WHAT YOU ARE ASKED TO DO
The reply should hold only the lines from the one with "this 600×418 image." through the end of the data, each given exactly.

◇ ◇ ◇ ◇

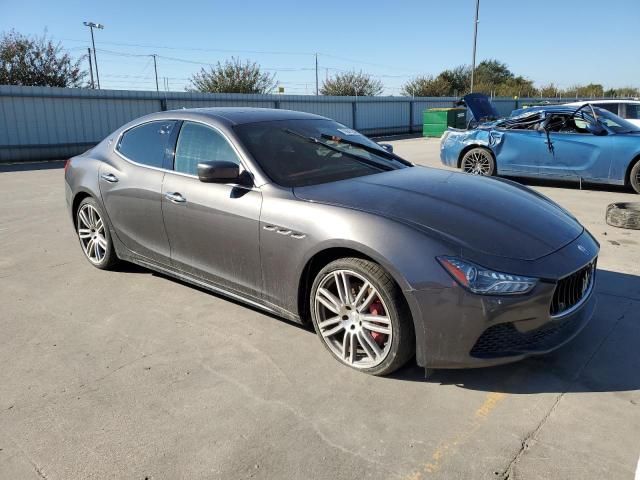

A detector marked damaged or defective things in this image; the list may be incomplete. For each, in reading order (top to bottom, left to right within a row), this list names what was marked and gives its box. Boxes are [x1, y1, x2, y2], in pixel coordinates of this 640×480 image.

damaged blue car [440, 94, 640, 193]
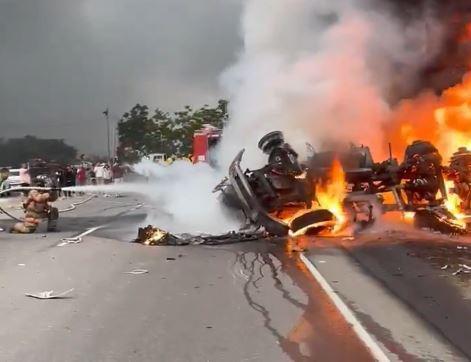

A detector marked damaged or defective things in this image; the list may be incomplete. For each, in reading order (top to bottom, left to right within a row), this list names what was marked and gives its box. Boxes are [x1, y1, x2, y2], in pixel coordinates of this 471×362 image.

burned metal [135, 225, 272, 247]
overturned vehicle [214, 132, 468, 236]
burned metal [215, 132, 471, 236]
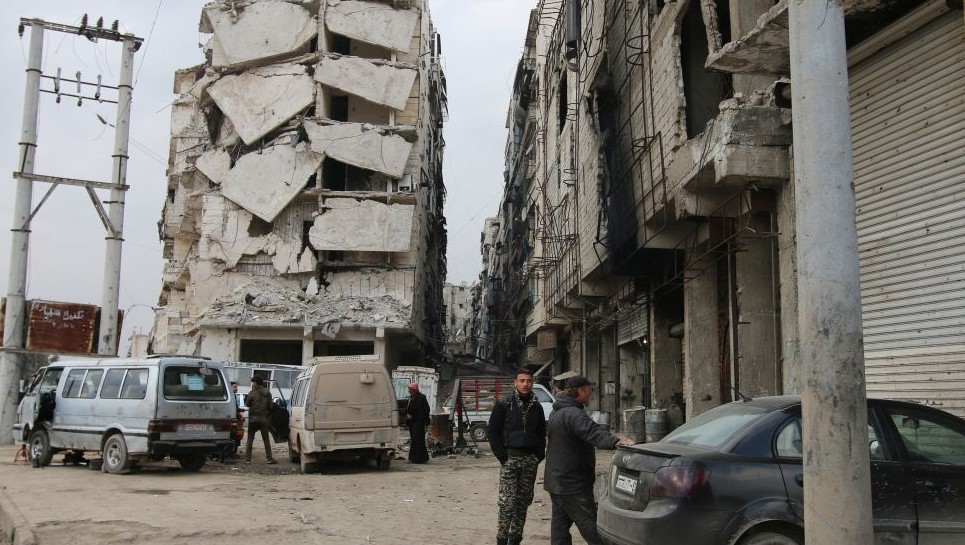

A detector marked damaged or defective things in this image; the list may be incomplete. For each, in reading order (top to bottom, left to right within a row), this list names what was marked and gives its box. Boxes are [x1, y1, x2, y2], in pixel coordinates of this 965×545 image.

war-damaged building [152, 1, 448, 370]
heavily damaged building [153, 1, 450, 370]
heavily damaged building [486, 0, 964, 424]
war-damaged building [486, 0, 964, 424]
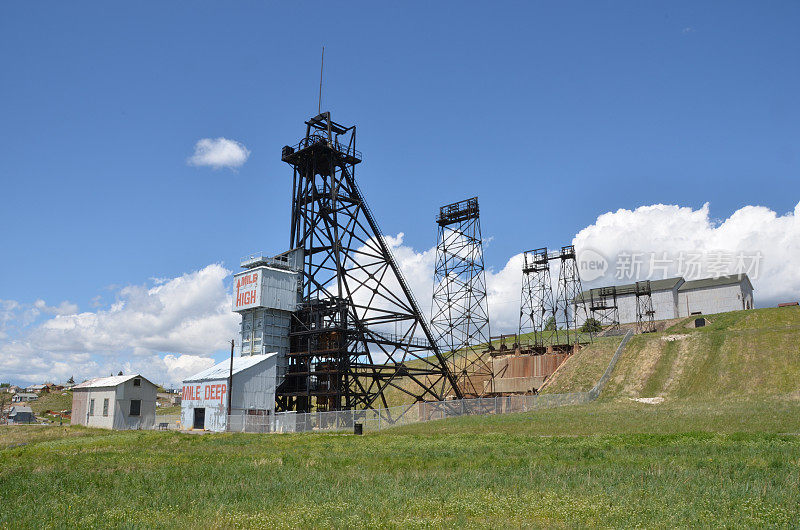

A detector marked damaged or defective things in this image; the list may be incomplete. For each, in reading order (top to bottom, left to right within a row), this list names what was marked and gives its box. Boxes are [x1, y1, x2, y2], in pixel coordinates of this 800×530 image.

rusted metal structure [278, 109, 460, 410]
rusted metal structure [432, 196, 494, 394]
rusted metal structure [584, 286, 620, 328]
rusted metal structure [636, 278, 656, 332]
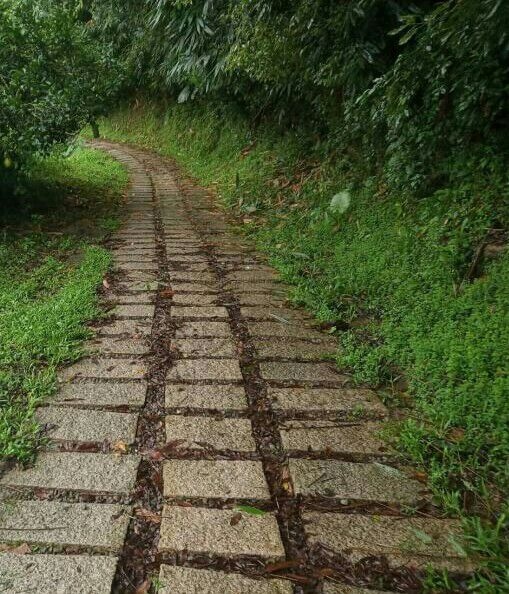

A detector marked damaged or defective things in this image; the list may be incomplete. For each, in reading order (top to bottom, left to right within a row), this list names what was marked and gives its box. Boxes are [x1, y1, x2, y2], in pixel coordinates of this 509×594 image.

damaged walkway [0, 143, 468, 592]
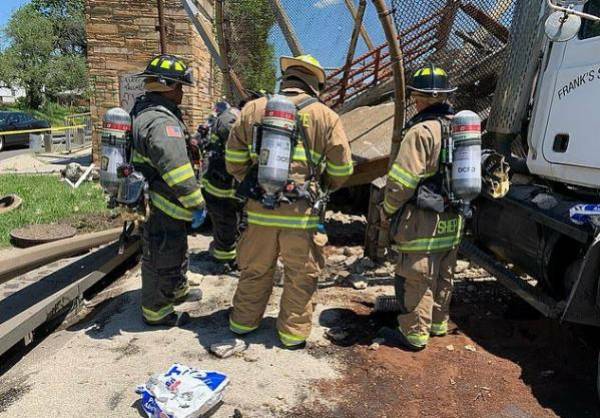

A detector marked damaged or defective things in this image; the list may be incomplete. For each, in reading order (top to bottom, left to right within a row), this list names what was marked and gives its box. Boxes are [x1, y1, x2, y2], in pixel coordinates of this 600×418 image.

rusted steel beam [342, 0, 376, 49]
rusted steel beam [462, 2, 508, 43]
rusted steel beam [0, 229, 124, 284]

◇ ◇ ◇ ◇

WRITTEN SOLUTION
A detector marked damaged or defective things in this image; the list may be incomplete. For each, in reading order (top to bottom, left to right within a row), this list names what was marked and gives its box. Boxes are [x1, y1, x2, y2], in pixel coordinates of this 600×418 image.

rusted steel beam [342, 0, 376, 49]
rusted steel beam [462, 2, 508, 43]
rusted steel beam [0, 229, 124, 284]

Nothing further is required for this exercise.